Le recours à la présomption d’innocence n’a de sens que lorsqu’elle permettra de mettre en contraste les versions de la dénonciatrice et de l’accusé. Elle prévient l’imposition d’un stigmate avant que chacun ait eu l’opportunité de faire valoir sa version des faits. En ce sens, la dénonciatrice ne doit pas être rabrouée. Au contraire, il faut alors ouvrir un dialogue à la recherche de la vérité. Plutôt que de désapprouver les dénonciatrices, les détracteurs de ce mouvement devraient exiger de la police qu’elle déclenche des enquêtes en cas d’allégations publiques sérieuses sans attendre une plainte formelle. Un tel procédé servira à la fois la victime et protégera la présomption d’innocence par la même quête de la vérité.

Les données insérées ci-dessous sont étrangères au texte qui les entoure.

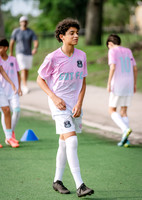 GOTFC-6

Commission parlementaire et forum itinérant
Nous devons profiter de la conjoncture actuelle pour sortir ce mouvement de dénonciation des réseaux sociaux, le porter aux oreilles de nos institutions et solliciter des témoignages provenant toutes les tranches et les générations de la population, pas seulement celles connectées sur Facebook et Twitter. À cet égard, l’annonce de la ministre Vallée sur la tenue d’une commission est à priori une nouvelle réjouissante, mais encore reste-il à voir quelle forme prendra cette consultation.
Nous nous permettons donc de tracer ici les grandes lignes qui, selon nous, devraient guider un tel processus de réflexion. À l’image de la Commission spéciale sur la question de mourir dans la dignité, cette consultation publique devrait recueillir tant des témoignages sur l’expérience personnelle de victimes et d’intervenants que des propositions de réforme venant des différents groupes de défense des droits, chercheurs universitaires, etc. Le but premier serait évidemment de mobiliser tous les acteurs concernés afin d’en arriver à une solution concertée, pouvant réalistement être implantée.
Le rapport final devrait donc suggérer, entre autres choses, un nouveau processus d’enquête interne aux organismes gouvernementaux et entreprises privées. Il devrait aussi contenir des modifications à apporter à la procédure et l’attitude actuelle de la police et des acteurs judiciaires face à cette problématique. Au-delà d’un rapport final visant des avancées concrètes, le processus de témoignage sensibilisera la population à l’ampleur du problème largement incompris et toléré pour l’instant. Réalise-t-on qu’une femme sur trois a été victime d’agression sexuelle?
Cette indignation collective s’est formée en réponse à l’incapacité de nos institutions actuelles à inspirer la confiance des victimes. Malgré qu’une frange de la population soit maintenant sensible à cette problématique, les acteurs judiciaires n’ont exprimé aucune volonté de modifier leur pratique. Une consultation publique efficace se devrait de détailler et renforcer la discussion de manière à perméabiliser nos institutions au changement.
Pour que ce mouvement d’indignation sans précédent ne soit pas qu’une tempête dans un verre d’eau. Pour que cette indispensable réflexion ne s’essouffle pas sans laisser de traces. Portons ce mouvement, plus loin que les réseaux sociaux et les médias traditionnels, par une réelle consultation publique.